April 2001 Bulletin

CAM gains wide acceptance by the public

Orthopaedists must know how, why patients are using herbs, other therapies

By John W. Wickenden, M.D.

Complementary and Alternative Medicine (CAM) is that range of healing philosophies, approaches, and therapies that mainstream, conventional, Western medicine does not commonly use, accept or make available. It includes chiropraxis, acupuncture, the use of herbal medicines and supplements, homeopathy, massage, traditional Chinese medicine, mind/body techniques, and many others.

During the last decade in the United States, demand for CAM has increased dramatically. Some form of CAM is used by almost half of all Americans. In 1997 there were 629 million visits to CAM providers (half of those to chiropractors and massage therapists), compared with 386 million visits for primary allopathic care.

In 1997, $12.2 billion was spent for CAM services, more than the out-of-pocket expenditures for all hospitalizations in the U.S. At least one out of five of the patients to whom we give prescriptions is also using herbal medicines or supplements. Many are receiving chiropractic manipulation. Few of them tell us. Do you know which of your patients use CAM?

Even if you believe that the use of CAM does not benefit your patients, you should know how and why your patients are using CAM. You need to know some of the potential problems posed—and benefits provided—by your patients’ avid use of CAM.

In order to better understand the phenomenon of CAM, Congress established in 1998 the National Center for Complementary and Alternative Medicine (NCCAM) within the National Institutes of Health (NIH). In the last federal budget the NCCAM received $89.2 million, a greater increase (29.3 percent) than any other unit of the NIH. In the same budget, the National Institute of Arthritis and Musculoskeletal and Skin diseases (NIAMS), received only a 13.5 percent increase—the lowest increase of any NIH unit.

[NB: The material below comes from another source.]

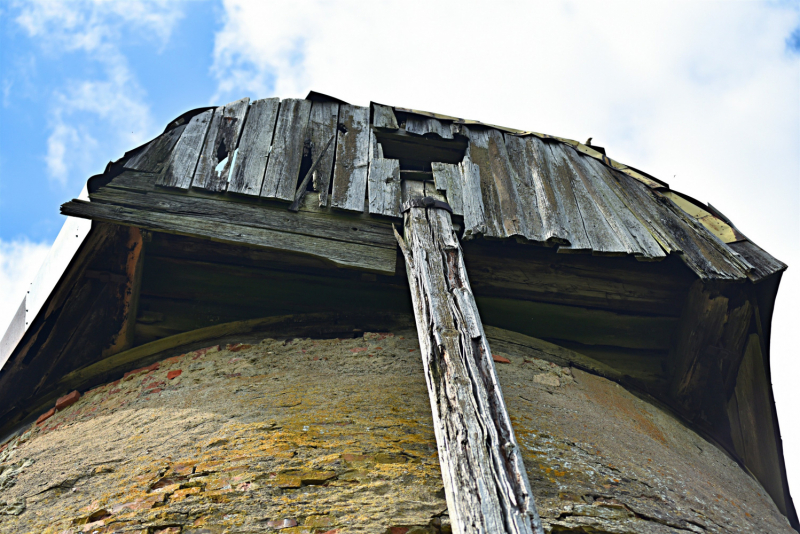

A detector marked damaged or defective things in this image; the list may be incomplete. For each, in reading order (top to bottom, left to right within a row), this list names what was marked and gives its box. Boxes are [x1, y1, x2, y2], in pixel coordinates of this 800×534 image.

What’s more, Medicare, Workers’ Compensation, HMOs, and private insurance carriers have rapidly increased their coverage for CAM treatments.

In response to these realities, the AAOS Board of Directors established a Task Force on Alternative Care in February 1999. Under the chairmanship of James Buchholz, MD, it reported to the Board that "alternative care is more pervasive than any of us had previously imagined," and that "there is a present and increasing need for orthopaedic surgeons to be familiar with the various alternative modalities so that they will be able to intelligently answer patient’s questions regarding the effectiveness or potential dangers of these modalities."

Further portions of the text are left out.